→ **EXERCISE INSTRUCTIONS**: Output only the lines below that start at the line containing "吞食天地2online官网（吞食天地2online）" and end at the line containing "Paperback Dialectical Behavior", with both ends kept.

→ **RECORDS FOR PROCESSING**:
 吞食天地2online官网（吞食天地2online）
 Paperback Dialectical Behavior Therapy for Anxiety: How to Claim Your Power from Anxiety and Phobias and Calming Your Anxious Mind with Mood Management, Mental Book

---

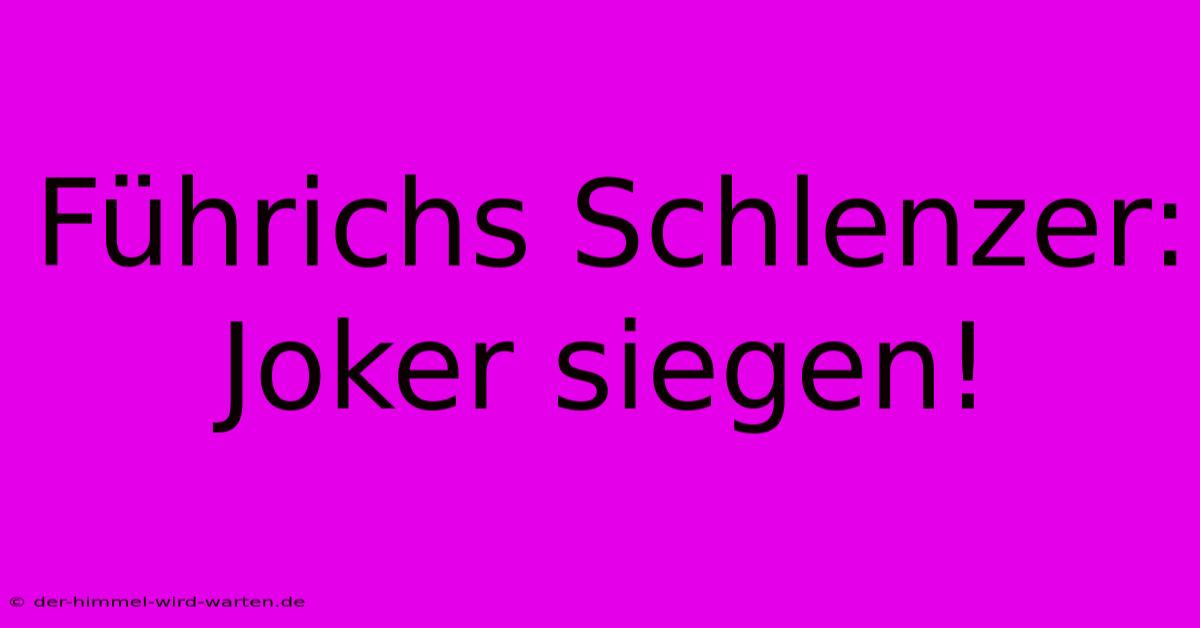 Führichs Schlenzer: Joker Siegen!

→ **TASK SOLUTION**:
 吞食天地2online官网（吞食天地2online）
 Paperback Dialectical Behavior Therapy for Anxiety: How to Claim Your Power from Anxiety and Phobias and Calming Your Anxious Mind with Mood Management, Mental Book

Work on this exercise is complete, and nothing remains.